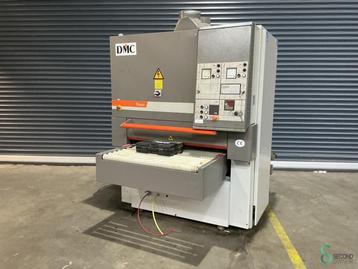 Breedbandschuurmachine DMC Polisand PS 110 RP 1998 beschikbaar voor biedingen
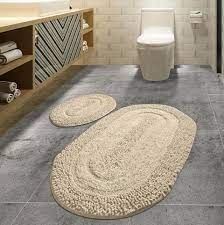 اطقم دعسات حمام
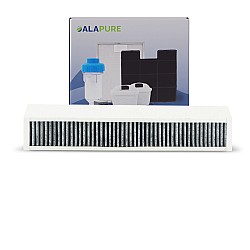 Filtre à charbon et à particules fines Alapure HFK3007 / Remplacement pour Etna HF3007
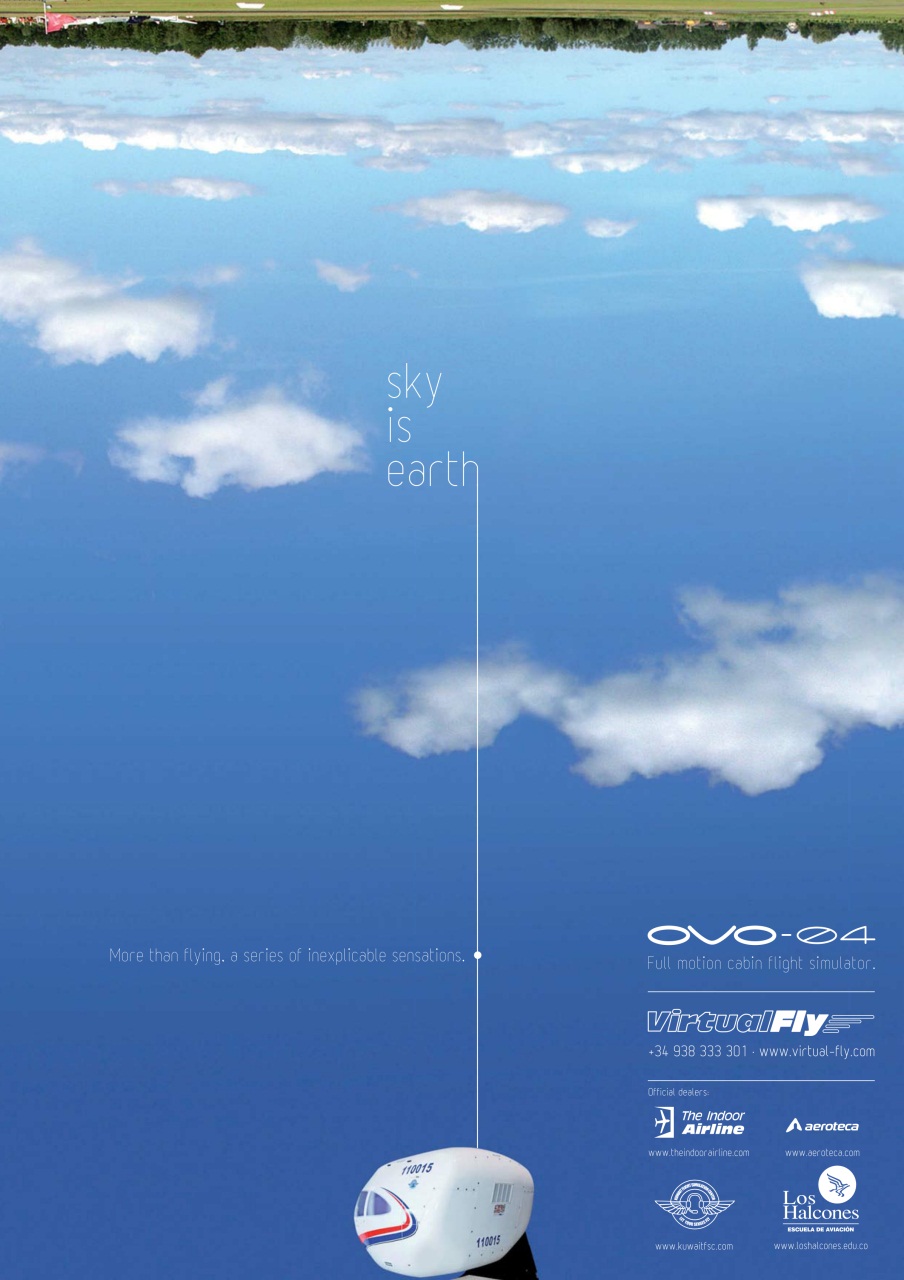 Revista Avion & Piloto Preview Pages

_What is expected_. The result should be the full listing, retyped exactly and free of pictures.

_Answer box_.
 Breedbandschuurmachine DMC Polisand PS 110 RP 1998 beschikbaar voor biedingen
 اطقم دعسات حمام
 Filtre à charbon et à particules fines Alapure HFK3007 / Remplacement pour Etna HF3007
 Revista Avion & Piloto Preview Pages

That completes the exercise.